秘め事(我愛羅)
『雨…』
6時限目。窓に目をやるといつの間にか雨が降っている。
我「どうした?」
『雨が降ってきた…』
我「傘忘れたのか?」
『…うん…』
我「天気予報みなかったのか?」
『…うん…』
天気予報…。いつもみない。いつもはサソリが教えてくれる…。
我「…」
『どうしよう…。サソリは今日課外授業でいないし…』
我「…」
今日はサソリは朝からいない。早くからデイダラと課外授業の為、出ているから。
『…』
我「…」
キーンコーンカーンコーン
案「ん?ベル鳴ったな。じゃ、授業終わり。掃除して帰れよ〜。」
早々と掃除を終え、HRも終えた。
『サクラー』
桜「なぁに?」
『傘入れてくれない?』
桜「あ〜…私これから部活…;」
『あ…そっか…;』
桜「ごめんね;…あっ!我愛羅君!」
我「?」
『アリス傘入れてやってよ!』
我「なっ!///」
『え…?』
桜「そうしなさいよ!ねっ!」
『我愛羅…お願いできる?』
我「あ・あぁ…///」
桜「(よしよし我愛羅君頑張りなさいよ!)じゃっ!また明日!」
足早に教室をでるサクラ。
我「…」
『…』
我「帰るか…///」
『う・うん…』
何故かぎこちない…。
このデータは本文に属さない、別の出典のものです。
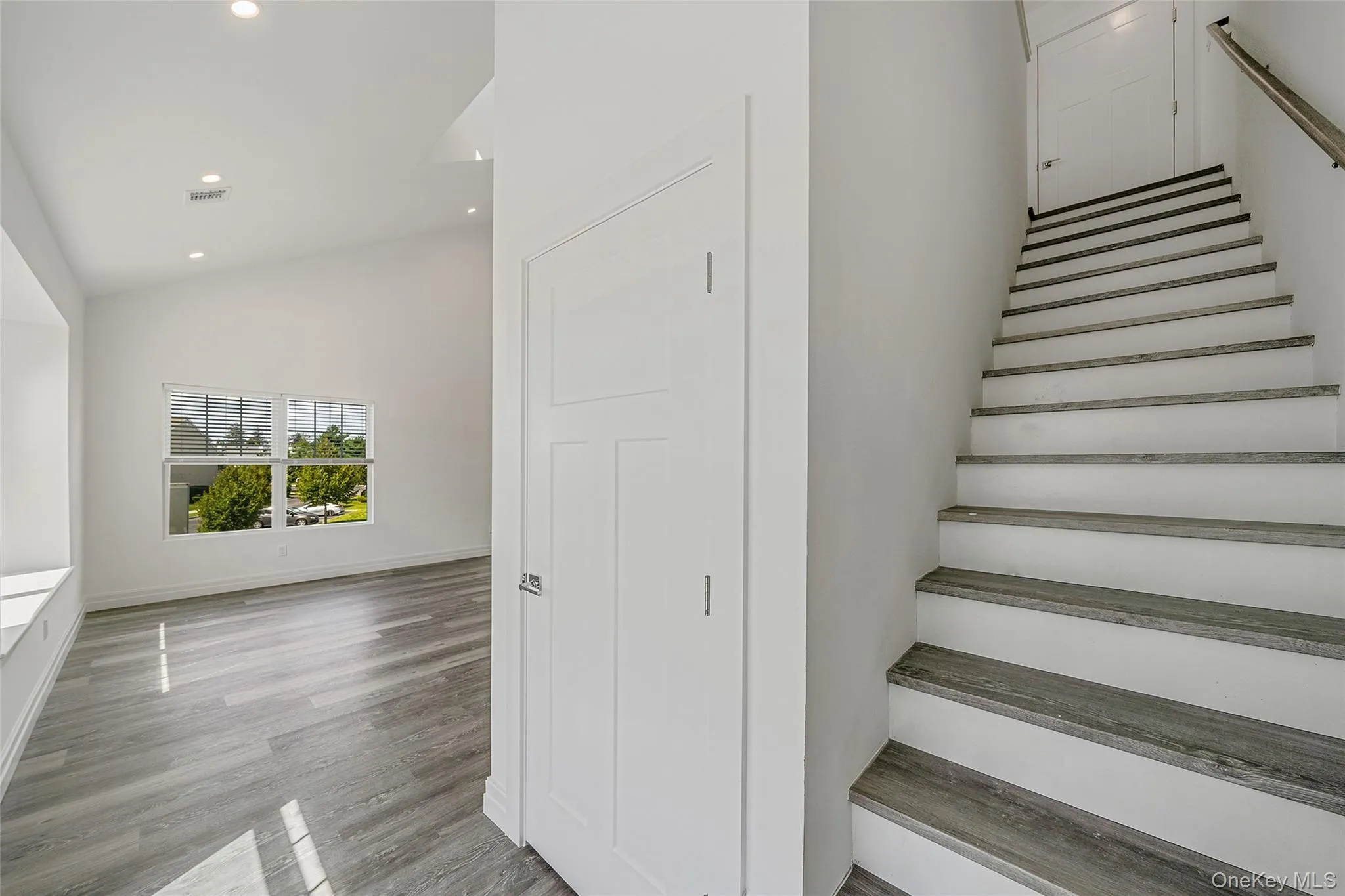 Stairs with recessed lighting, high vaulted ceiling, and wood finished floors Stairs with recessed lighting, high vaulted ceiling, and wood finished floors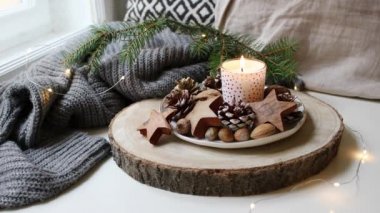 Noel rahat sakin sahne. Yanan mum ayakta pencere yakınındaki. Parlak Noel ışıkları. Çam kozalakları, fındık ve ahşap yıldız doğal dekorasyon. Yün şal üzerinde köknar ağacı dalı. Loopable.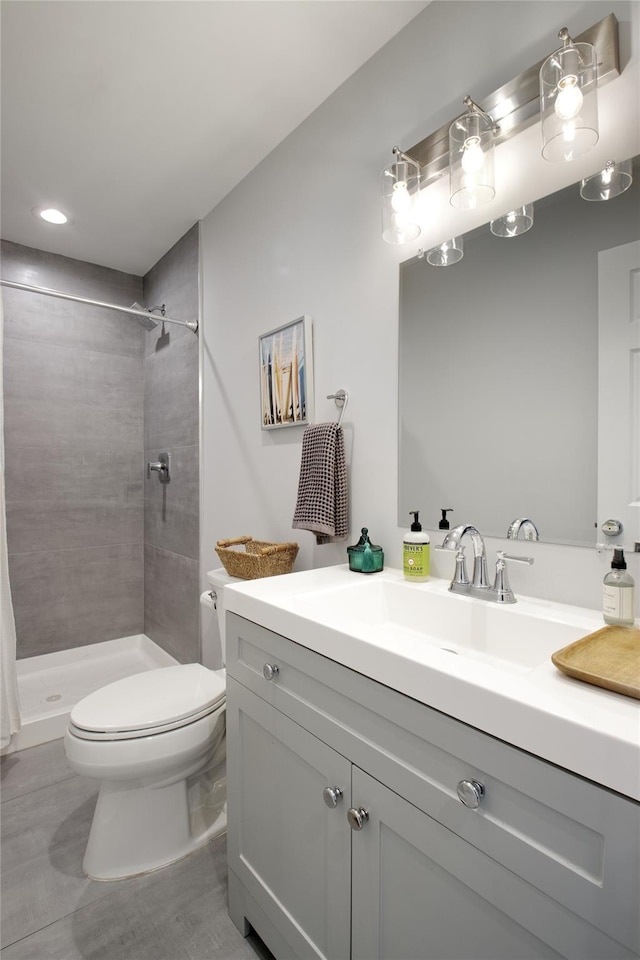 bathroom with vanity, a tile shower, and toilet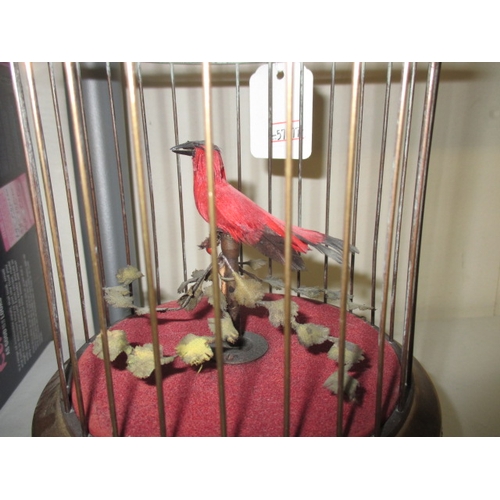 211 - A vintage caged singing bird automaton, in working order with general age-related marks, approx. hei... 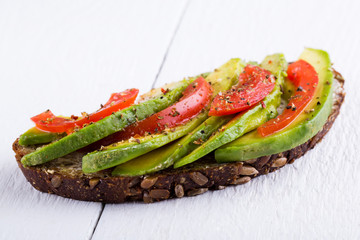 Tasty avocado sandwich with tomato and seasoning for slimming.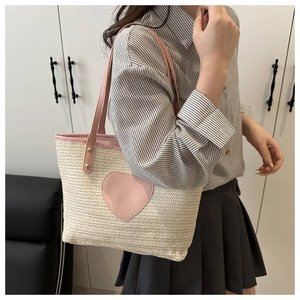 Détail du sac cabas en paille tressée avec écusson cœur rose et anses en cuir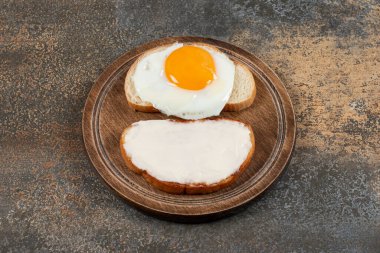 Beyaz ekmek dilimlerinin üzerinde tahta bir tabak taze yumurta. Yüksek kalite fotoğraf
靴箱に向かい、靴を履く。
我「ん」
我愛羅が開いた傘。右には私のスペースが開けてある。
『あ・ありがとう…///』
何故か頬に熱が伝わる。
我「…」
『…』
無言のまま家に向かう。いつもなら楽しい会話をしながら向かう帰り道。でも今日は何故かぎこちない。
『…』
きっといつもより距離が近いからだ…。肩が当たる距離。こんな至近距離は初めて。
いつもなら楽しくて時間が早く感じるのに、今日の帰り道は雨の音だけが響いてて、長い長い帰り道。
我「…ついたよ」
『え…?』
下ばかり見ていて、気付かなかった。
我「じゃあ…また明日」
『あ…う・うん…』
私を送り、家路へとまた歩き出す我愛羅の背を見送った。
『…ありがとうも…言えなかった…』
せっかく送ってくれたのに…
私が濡れないように、傘を私寄りにして濡れていた我愛羅の肩。
このまま…
ありがとうも言わずに…
いいの…?
そう思うと共に、走り出した
傘もささず、我愛羅の背中を目指して走り出した。
『我愛羅!!!』
我「Σアリス!?」
我愛羅の腕を掴んだ。
『ご・ごめ…私…お礼も言わな…』
我「お前…びしょ濡れだぞ…」
『だ・だって…』
我「…っぷ…」
『…?』
我「クックック…」
突然笑い出した我愛羅。
『なっなに?』
我「お前馬鹿だな」
『なっ…失礼なっ!』
我「俺が送った意味ないだろ;」
『ご・ごめん…』
我「ククク…」
『も〜、笑いすぎっ!』
笑い合ってる。さっきまでぎこちなかったのが嘘みたい。
我「ほら、家まで入れてやるから、早く行くぞ」
『あ・ありがとう』
我愛羅はまた家まで送ってくれた。
我「風呂入れよな。」
『わかってる』
我「じゃあ、また学校で」
『我愛羅』
我「ん?」
『ありがとう…』
我「あぁ」
我愛羅はまた歩きだした。びしょ濡れの体が何故か熱を帯びていた。
(秘め事)
これは雨の日の秘め事
サソリにも
デイダラにも
秘密…
二人だけの
秘め事…
【私の気持ちが少しだけ揺らいだ秘め事】
サソリと我愛羅
アリスが選ぶのはどちらか…
それを知るのは
神ではなく
彼女の心のみ
← →
[小説ナビ|小説大賞]
無料HPエムペ!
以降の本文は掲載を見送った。